### SUPPLIED DATA ###

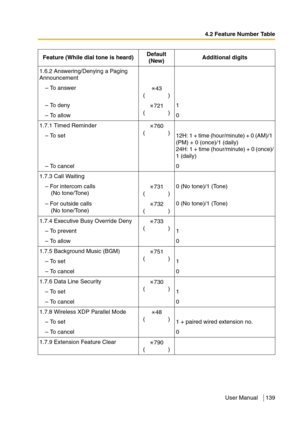 Page 1394.2 Feature Number Table
User Manual 139
1.6.2 Answering/Denying a Paging 
Announcement
– To answer
43
()
– To deny
721
()1
– To allow 0
1.7.1 Timed Reminder
760
()
–  To  set 12H: 1 + time (hour/minute) + 0 (AM)/1 
(PM) + 0 (once)/1 (daily)
24H: 1 + time (hour/minute) + 0 (once)/
1 (daily)
– To cancel 0
1.7.3 Call Waiting
– For intercom calls
(No tone/Tone)731
()0 (No tone)/1 (Tone)
– For outside calls
(No tone/Tone)732
()0 (No tone)/1 (Tone)
1.7.4 Executive Busy Override Deny
733
()
– To  p r e v e n t...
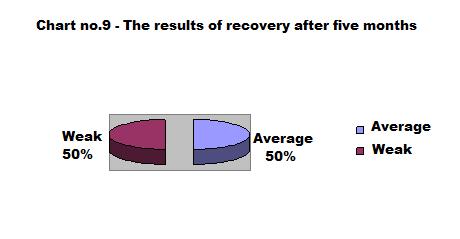 Of these five and have regained this capacity - 71 % Discussions As far as upper cross-member it has had a slow rate of change, a recovery good seeing at just 22% of the cases, mean recovery and 43%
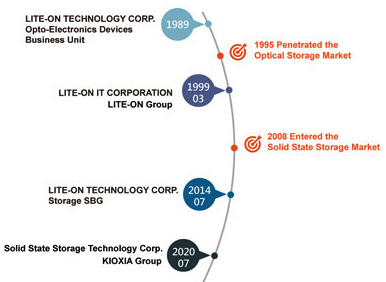 Kioxia Completes Acquisition Lite On Ssd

###

Wherever "minute" occurs in the records above, copy the line it sits in.

### FINAL ANSWER
–  To  set 12H: 1 + time (hour/minute) + 0 (AM)/1 
24H: 1 + time (hour/minute) + 0 (once)/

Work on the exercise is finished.